Since then, Berra has said multiple times in interviews that he thinks that was likely the case (although he spins it as “Rickey wanted me, but I didn’t go with him because of the earlier snub, even if it was a calculated snub”) that Rickey DID want him, but not as a Cardinal.
And I think that appears to be the most likely scenario – you don’t sign a guy and then, as soon as you take over a new team, you send him a contract and tell him to report to training camp?
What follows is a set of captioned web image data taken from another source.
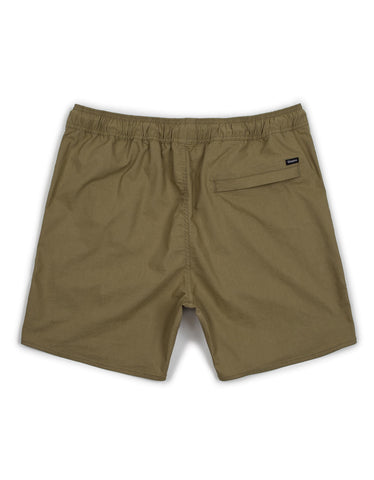 Men's Shorts & Swim – Still Life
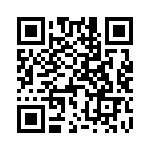 D38999-27HB2ZC QRCode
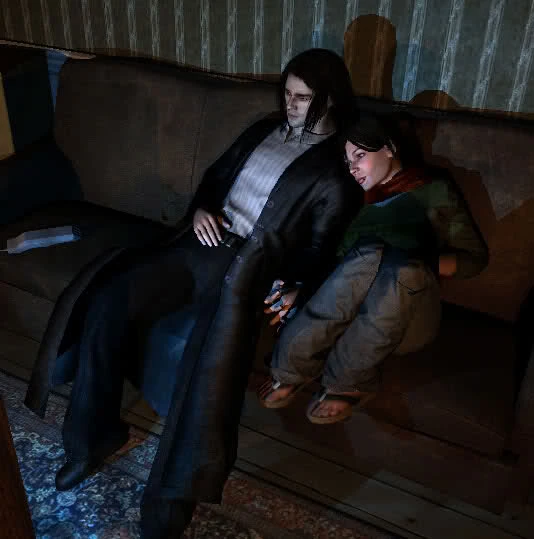 Jenny Romano Wiki The Darkness Fandom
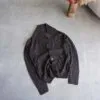 کاردیگن نوک مدادی Livergy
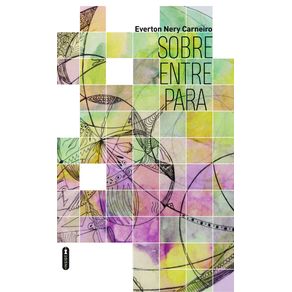 Sobre-Entre-e-Para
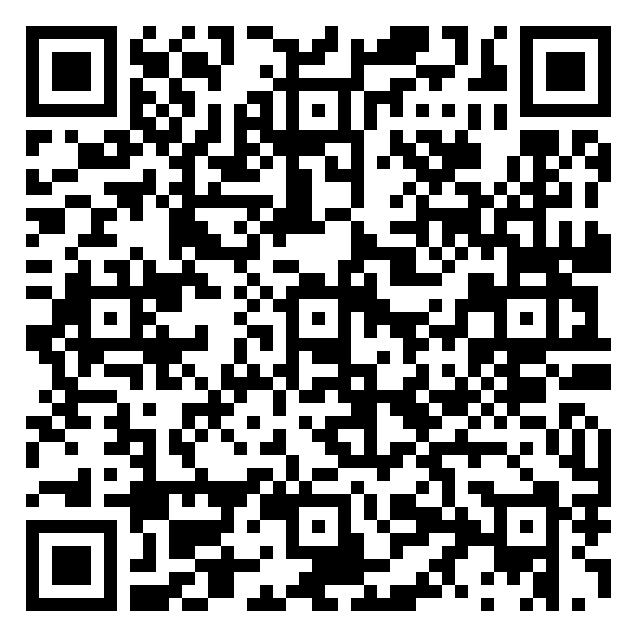 QR code 01255475200000
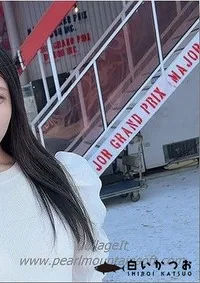 【FC2 PPV 4428530 顔出し!!3日間限定!!この上品清楚な魅惑の巨乳変態美女の性欲はもはや制御不可能!!これでもかと言わんばかりに絶叫絶頂を幾度も繰り返し快楽に溺れ最後は生中出し!!【ネオペイ・・】】の一覧画像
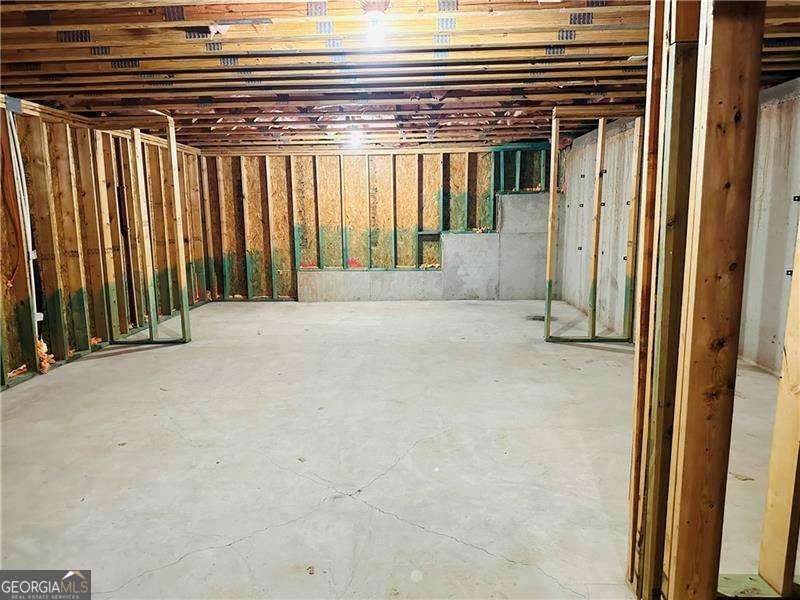 127 Vivid Lane Dallas - Photo 68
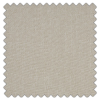 Swatch of Dharana Linen by iLiv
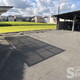 物件画像26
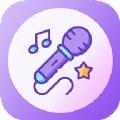 叮当变声器app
I certainly cannot guarantee that I know what the inner workings of Rickey’s mind were, but I think it is likely enough that I’m willing to go with a “false” here, especially for the more specific claim (that has been made many times over the years) that Rickey did not think that Berra would make it as a major leaguer – THAT seems to be pretty plainly false, as he offered him a professional contract the same year that he supposedly doubted his abilities to ever play pro ball.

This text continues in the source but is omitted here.